Miss Preussler starrte ihn eine halbe Sekunde lang betroffen an, machte »Oh!« und war dann wie der Blitz verschwunden.

Mogens wartete darauf, dass sich zumindest ein leises Gefühl von Schadenfreude bei ihm einstellte, was aber nicht der Fall war, und schüttelte auch diesen Gedanken ab. Auch seine Lampe brannte mittlerweile und stach einen grellweißen Lichtkegel in die Halle. Im Bereich dieses Lichtes konnte er nun weit besser sehen als zuvor - es war schon erstaunlich, dachte er, wie schnell sich die menschlichen Sinne mit dem beschieden, was sie bekommen konnten, und einem das Gefühl gaben, ausreichend versorgt zu werden. Doch das weiße Licht löschte die mattgrüne Helligkeit dahinter umso gründlicher aus. Träge Staubschwaden bewegten sich lautlos durch den Lichtkegel und gaukelten ihm Bewegung vor, wo keine sein sollte.

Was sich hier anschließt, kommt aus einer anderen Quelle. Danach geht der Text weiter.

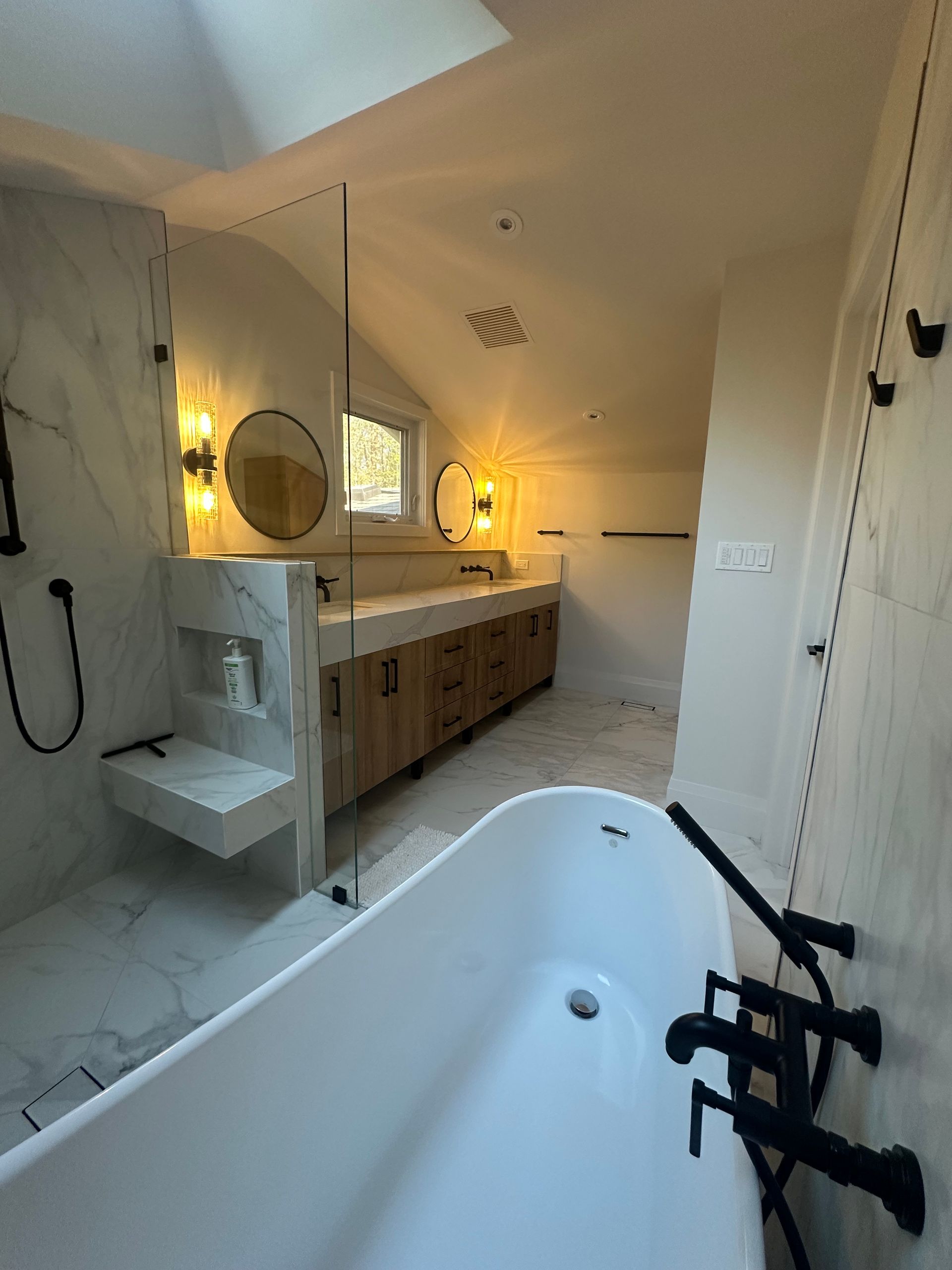 Spacious bathroom with a freestanding tub, marble shower, wooden vanity, and modern black fixtures.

Mogens schwenkte den zitternden Lichtfinger langsam weiter und versuchte, mehr Einzelheiten im hinteren Teil der Halle zu erkennen, aber es gelang ihm nicht. Das wandernde Licht vermittelte ihm nur einen allgemeinen Eindruck von Zerstörung, die noch weitaus schlimmer zu sein schien, als er bisher geglaubt hatte. Der gesamte hintere Teil der Decke schien heruntergebrochen zu sein. Meterdicke steinerne Pfeiler waren geknickt wie Schilfrohre, einfach in Stücke zerborsten, oder ragten wie die Masten versunkener Schiffe aus den versteinerten Wellen eines Schuttozeans. Hunderte, wenn nicht tausende Tonnen von Fels und Steinquadern waren kaum dreißig oder vierzig Schritte von ihm entfernt niedergestürzt. Wenn sich auch in diesem Teil der Kammer Ghoule aufgehalten hatten, als sich die Katastrophe ereignete, so hatten sie nicht die mindeste Überlebenschance gehabt.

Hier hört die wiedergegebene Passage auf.